/Stack-Captioning

Stack-Captioning: Coarse-to-Fine Learning for Image Captioning

Primary LanguageOpenEdge ABL

Stack-Captioning: Coarse-to-Fine Learning for Image Captioning [eval]

Accepted as an oral presentation at AAAI-2018.

@inproceedings{gu2017stack,
  title={Stack-captioning: Coarse-to-fine learning for image captioning},
  author={Gu, Jiuxiang and Cai, Jianfei and Wang, Gang and Chen, Tsuhan},
  booktitle={AAAI},
  year={2018}
}

Requirements

CUDA Python 2.7 PyTorch 0.2 (along with torchvision) tensorboard-pytorch jieba hashlib caffe

Some evaluation tools:

Pretrained models

Pre-processing

MSCOCO

  1. Download COCO dataset and preprocessing

First, download the coco images from link. We need 2014 training images and 2014 val. images. You should put the train2014/ and val2014/ in the same directory, denoted as $IMAGE_ROOT.

Download preprocessed coco captions from link from Karpathy's homepage.
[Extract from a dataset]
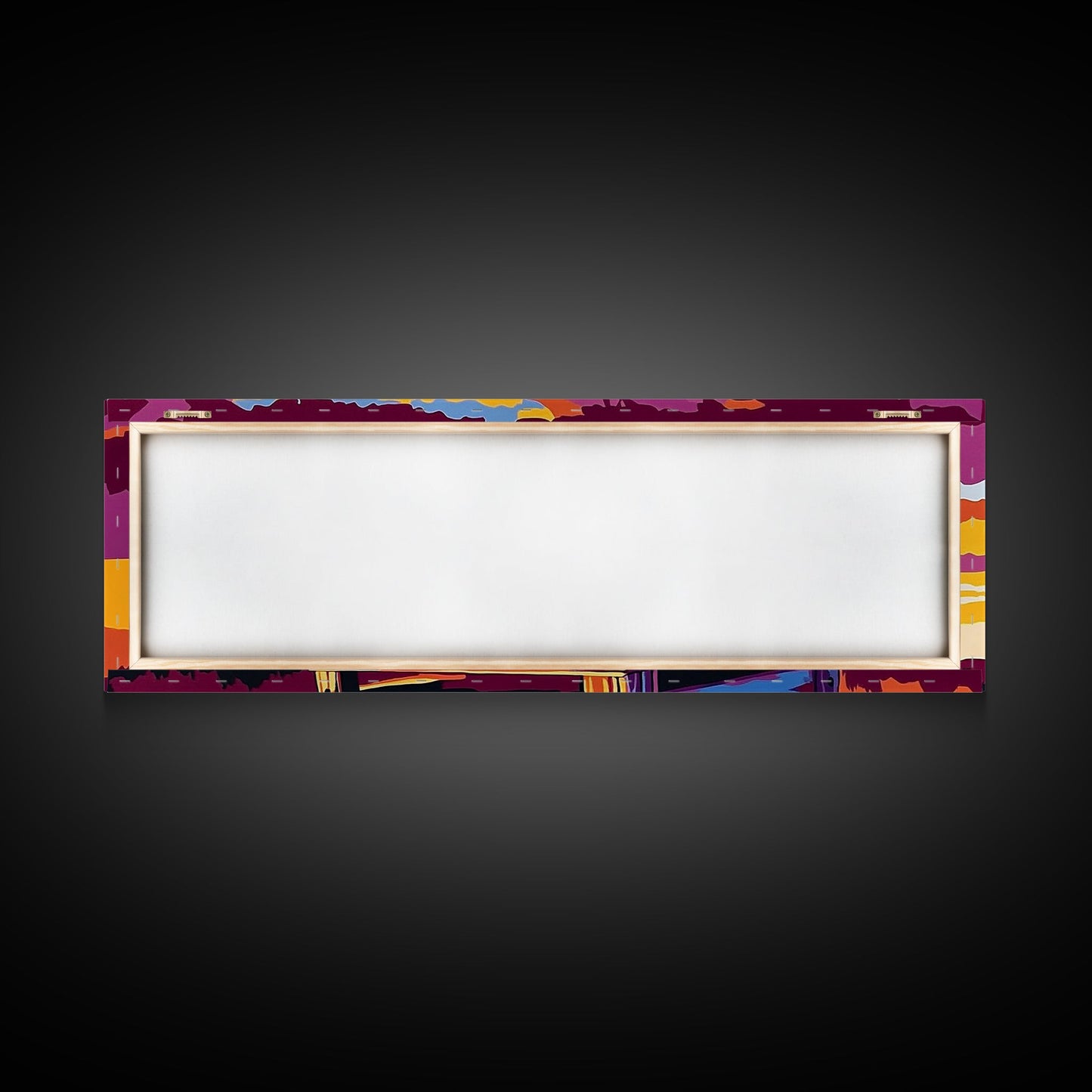 Wooden Box, Country Sunset, Canvas Print, Farmhouse Wall Art, Autumn Decor, Rustic Landscape Art, Warm Tones, Nature Wall Art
Extract dataset_coco.json from the zip file and copy it in to data/. This file provides preprocessed captions and also standard train-val-test splits.

Once we have these, we can now invoke the prepro_*.py script, which will read all of this in and create a dataset (two feature folders, a hdf5 label file and a json file).

$ python scripts/prepro_labels.py --input_json data/dataset_coco.json --output_json data/cocotalk.json --output_h5 data/cocotalk
$ python scripts/prepro_feats.py --input_json data/dataset_coco.json --output_dir data/cocotalk --images_root $IMAGE_ROOT

prepro_labels.py will map all words that occur <= 5 times to a special UNK token, and create a vocabulary for all the remaining words. The image information and vocabulary are dumped into data/cocotalk.json and discretized caption data are dumped into data/cocotalk_label.h5.

prepro_feats.py extract the resnet101 features (both fc feature and last conv feature) of each image. The features are saved in data/cocotalk_fc and data/cocotalk_att, and resulting files are about 200GB.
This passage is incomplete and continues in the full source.